Instructions for the task – Only the lines from the one containing "feature illustration" through the end of the listing belong in the answer, repeated exactly, with no pictures.

Available data –
* * * * * * * * *

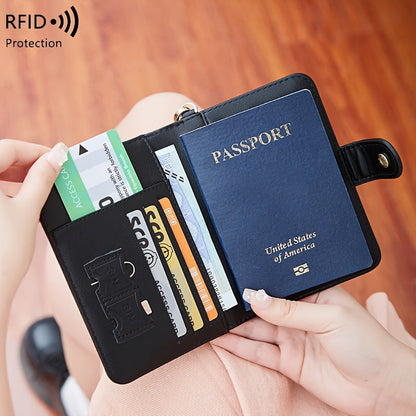 Lakelynn | Portefeuille Organisateur de Voyage Anti-RFID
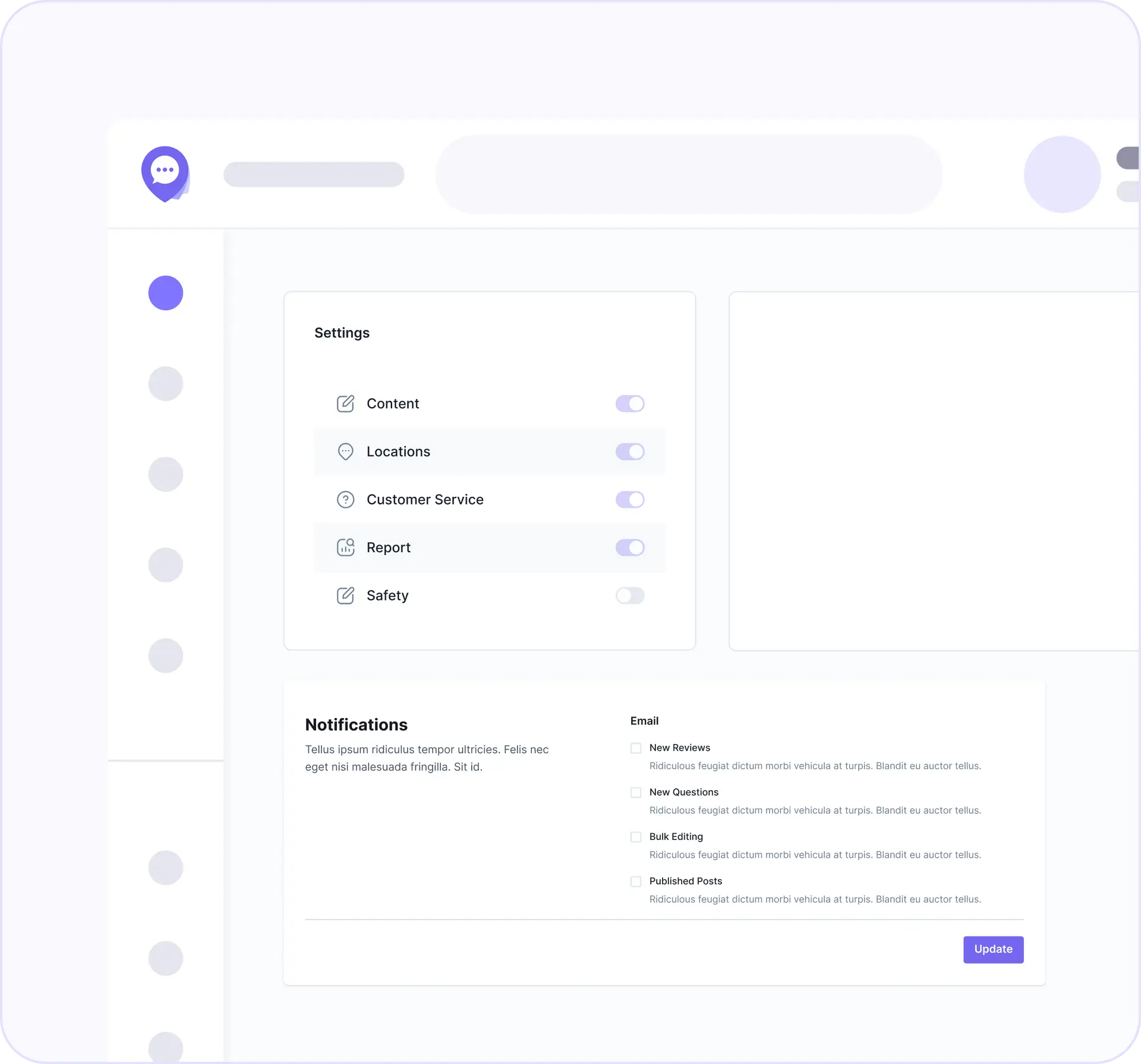 feature illustration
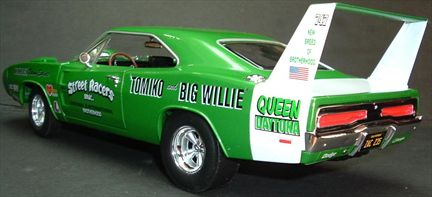Dodge Daytona 1969 "Tomiko" (Last One)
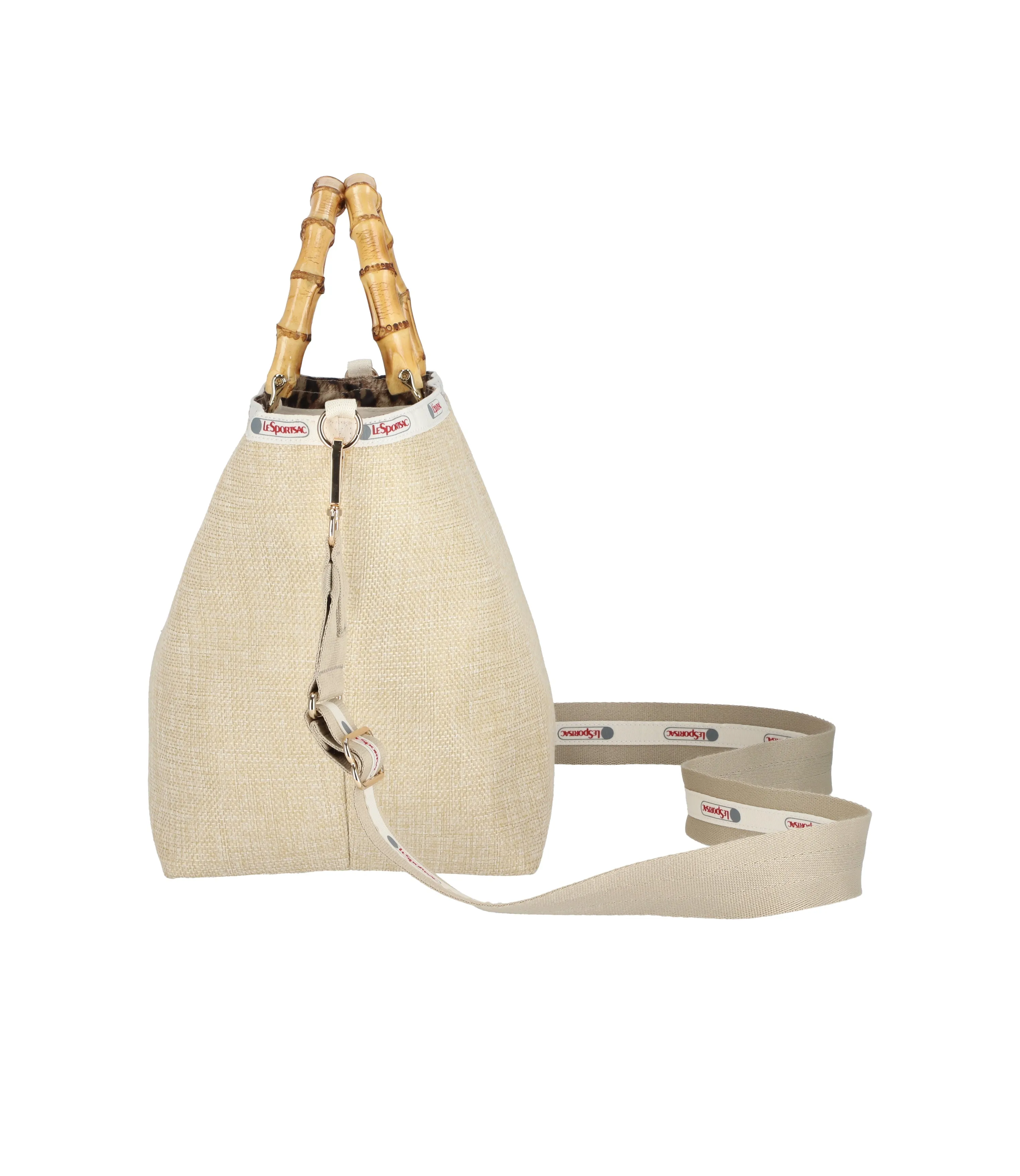 Medium Bamboo Tote with Strap sold by Lesportsac product image thumbnail 4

* * * * * * * * *

Answer to this exercise –
 feature illustration
Dodge Daytona 1969 "Tomiko" (Last One)
 Medium Bamboo Tote with Strap sold by Lesportsac product image thumbnail 4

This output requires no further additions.